→ **Data for the task**
◆ ◆ ◆ ◆ ◆ ◆ ◆

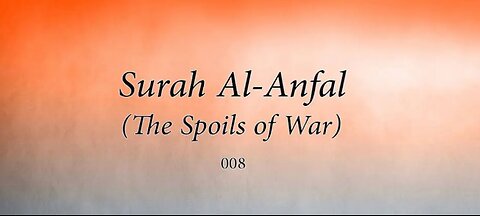 Quran Nazil Surah 88 | Book Surah 08 | Surah Al-Anfal | Madani Surah |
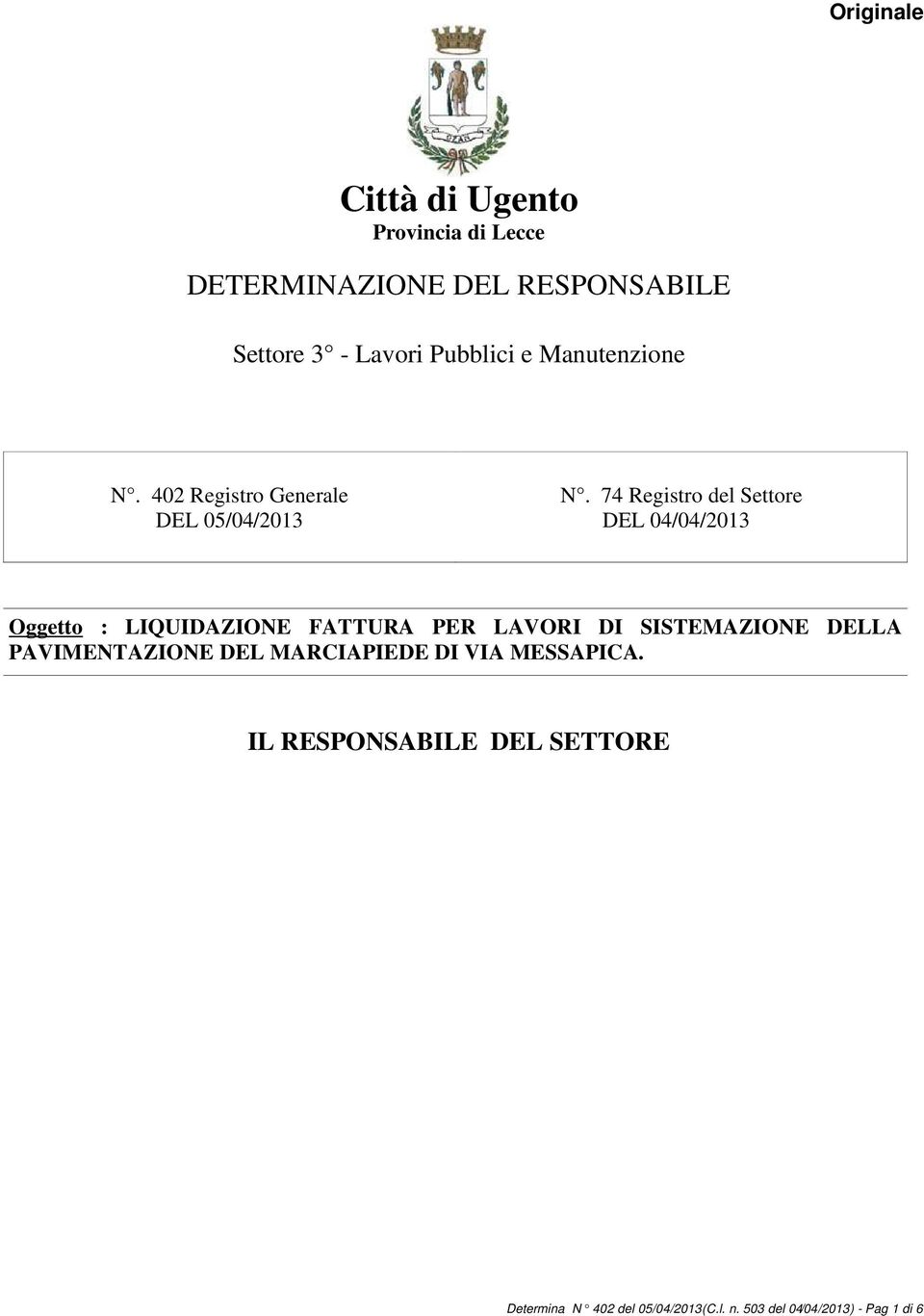 74 Registro del Settore DEL 04/04/2013 Oggetto : LIQUIDAZIONE FATTURA PER LAVORI DI SISTEMAZIONE DELLA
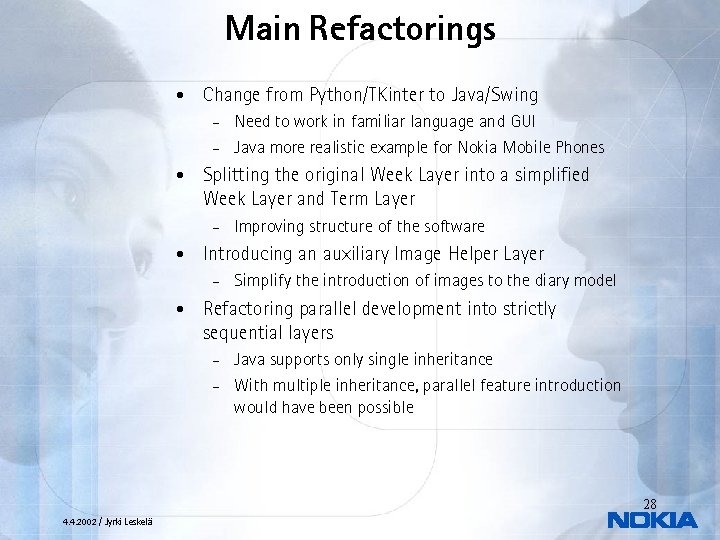 Main Refactorings • Change from Python/TKinter to Java/Swing Need to work in familiar language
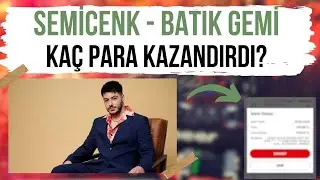 Semicenk - Batık Gemi Şarkısı Kaç Para Kazandırdı ?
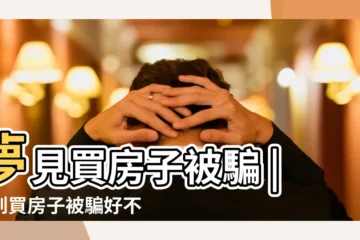 【夢見你買房子被騙】夢見買房子被騙 |夢到買房子被騙好不好 |夢見買房子被騙有什麼寓意 |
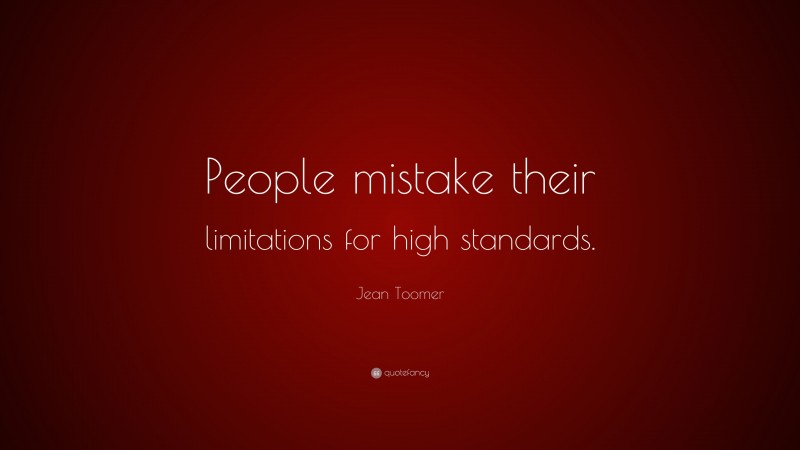 Jean Toomer Quote: “People mistake their limitations for high standards.”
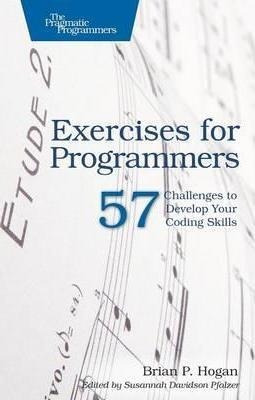 Exercises For Programmers - Brian P. Hogan (paperback)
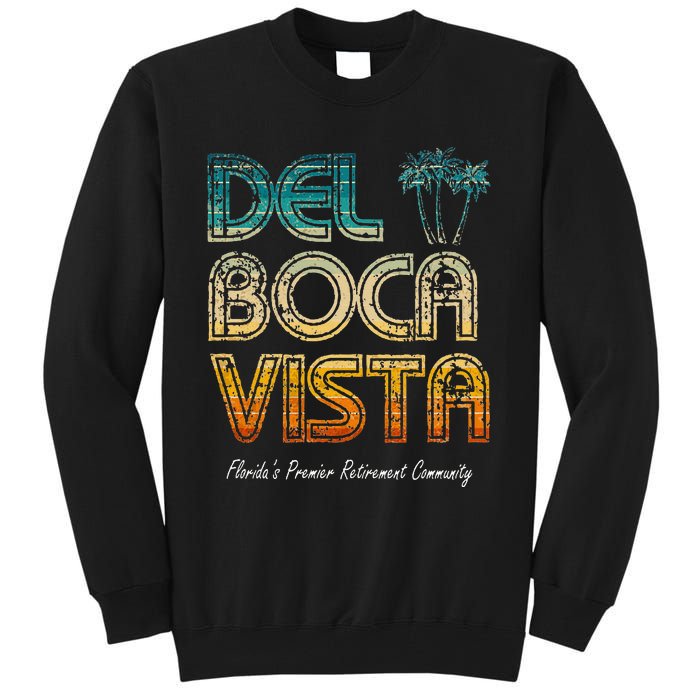 Del Boca Vista Retirement Community Funny Tall Sweatshirt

◆ ◆ ◆ ◆ ◆ ◆ ◆

→ **What you have to do**
Repeat the records above word for word, keeping no pictures in the copy.

→ **Solution to this task**
 Quran Nazil Surah 88 | Book Surah 08 | Surah Al-Anfal | Madani Surah |
 74 Registro del Settore DEL 04/04/2013 Oggetto : LIQUIDAZIONE FATTURA PER LAVORI DI SISTEMAZIONE DELLA
 Main Refactorings • Change from Python/TKinter to Java/Swing Need to work in familiar language
 Semicenk - Batık Gemi Şarkısı Kaç Para Kazandırdı ?
 【夢見你買房子被騙】夢見買房子被騙 |夢到買房子被騙好不好 |夢見買房子被騙有什麼寓意 |
 Jean Toomer Quote: “People mistake their limitations for high standards.”
 Exercises For Programmers - Brian P. Hogan (paperback)
 Del Boca Vista Retirement Community Funny Tall Sweatshirt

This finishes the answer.